Exercise description:
Output the listing exactly as written, apart from its pictures.

Supplied information:
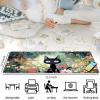BFDHGQZC Black Cat Among Flowers for MTG & TCG Playmat, 24" x 14" Mouse Pad for MTG/RPG/CCG Trading Card Games view 3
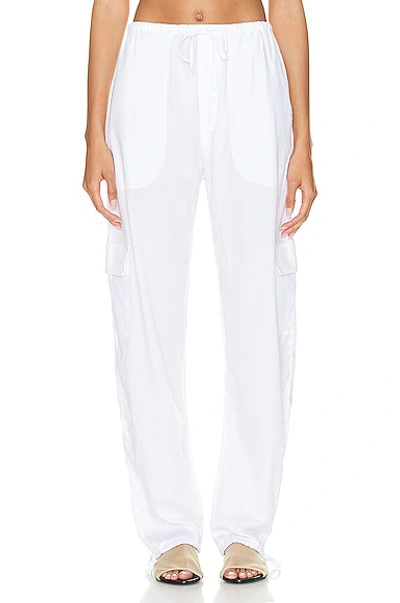 Leset Yoko Cargo Pant In White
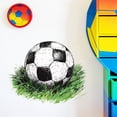 thumbnail image 4 of International Soccer Celebration Decor Soccer Theme Wall Decal for Bedroom Living Room Sports Home, Durable Vinyl Sticker for Global Soccer Tournament Game Day Indoor Wall Decoration, 4 of 7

Response below:
BFDHGQZC Black Cat Among Flowers for MTG & TCG Playmat, 24" x 14" Mouse Pad for MTG/RPG/CCG Trading Card Games view 3
 Leset Yoko Cargo Pant In White
 thumbnail image 4 of International Soccer Celebration Decor Soccer Theme Wall Decal for Bedroom Living Room Sports Home, Durable Vinyl Sticker for Global Soccer Tournament Game Day Indoor Wall Decoration, 4 of 7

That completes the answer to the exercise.